- _Supplied records_

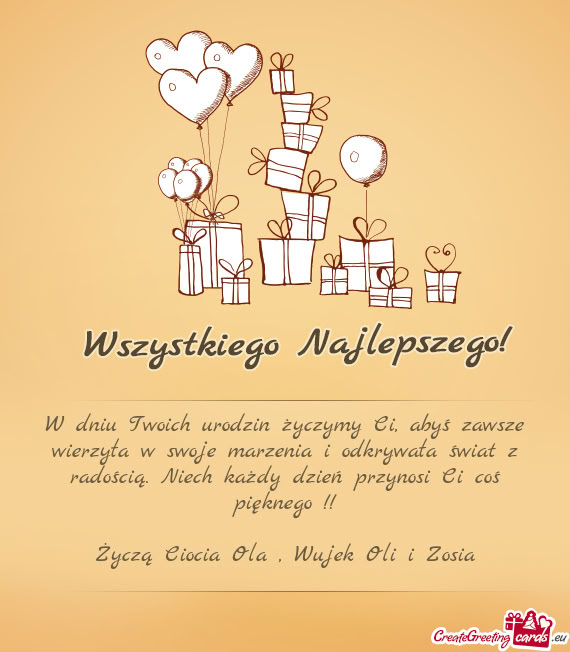 Ością. Niech każdy dzień przynosi Ci coś pięknego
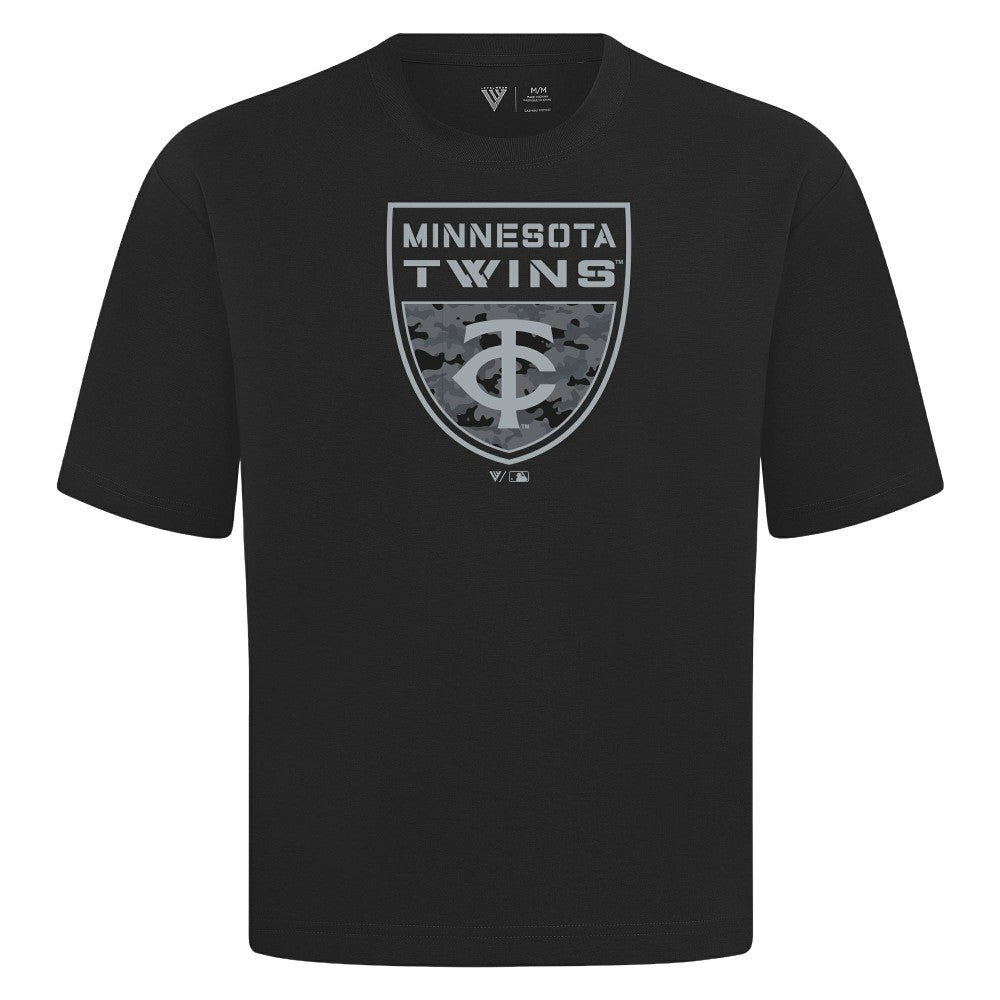 Minnesota Twins Levelwear Oversized Luxe Signature Knit Buckler T-Shirt - Black T-shirts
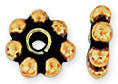 Sterling Silver Bali Style Beads 5.75mm Gold Plated - Pack of 2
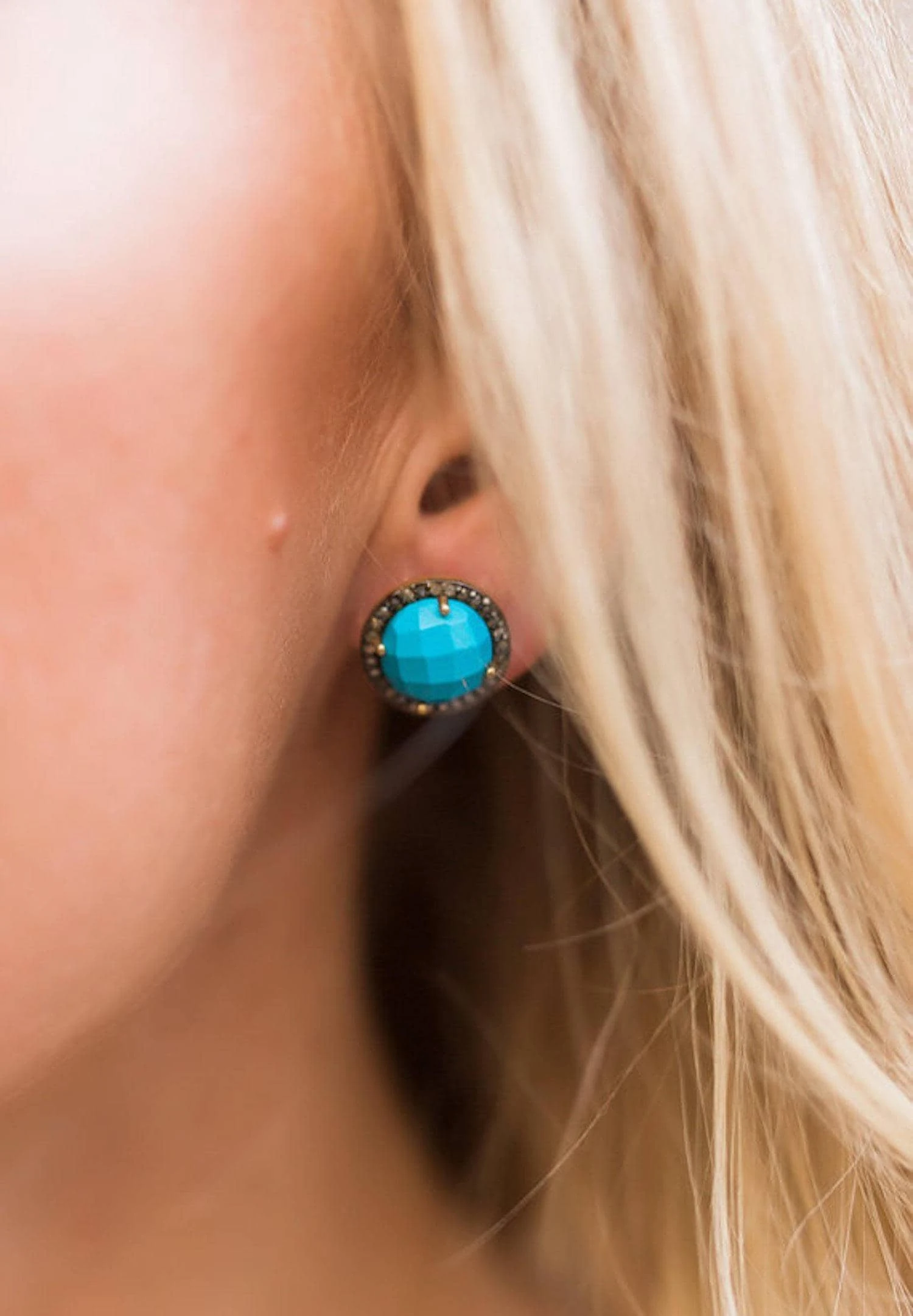 Genuine Pave Diamond Round Gemstone Stud Earrings*Large Turquoise/Moonstone/Aqua Chalcedony/Ruby*Gift Idea Holiday*Christmas*Unisex 4 Genuine Pave Diamond Round Gemstone Stud Earrings*Large Turquoise/Moonstone/Aqua Chalcedony/Ruby*Gift Idea Holiday*Christmas*Unisex - Image 2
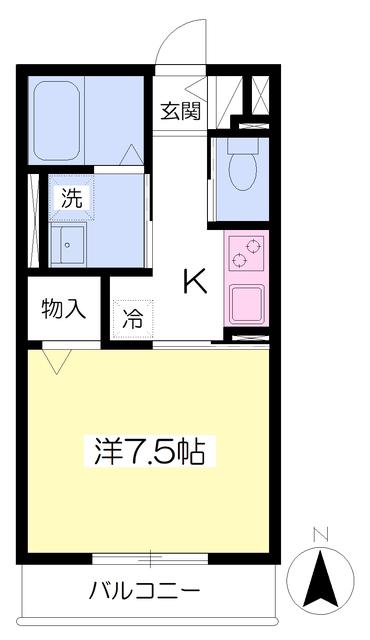 ルミウスB棟(1K/1階)の間取り写真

- _Exercise requirements_
Retype the data above exactly. Do not carry over any images.

- _Answer space_
 Ością. Niech każdy dzień przynosi Ci coś pięknego
 Minnesota Twins Levelwear Oversized Luxe Signature Knit Buckler T-Shirt - Black T-shirts
 Sterling Silver Bali Style Beads 5.75mm Gold Plated - Pack of 2
 Genuine Pave Diamond Round Gemstone Stud Earrings*Large Turquoise/Moonstone/Aqua Chalcedony/Ruby*Gift Idea Holiday*Christmas*Unisex 4 Genuine Pave Diamond Round Gemstone Stud Earrings*Large Turquoise/Moonstone/Aqua Chalcedony/Ruby*Gift Idea Holiday*Christmas*Unisex - Image 2
 ルミウスB棟(1K/1階)の間取り写真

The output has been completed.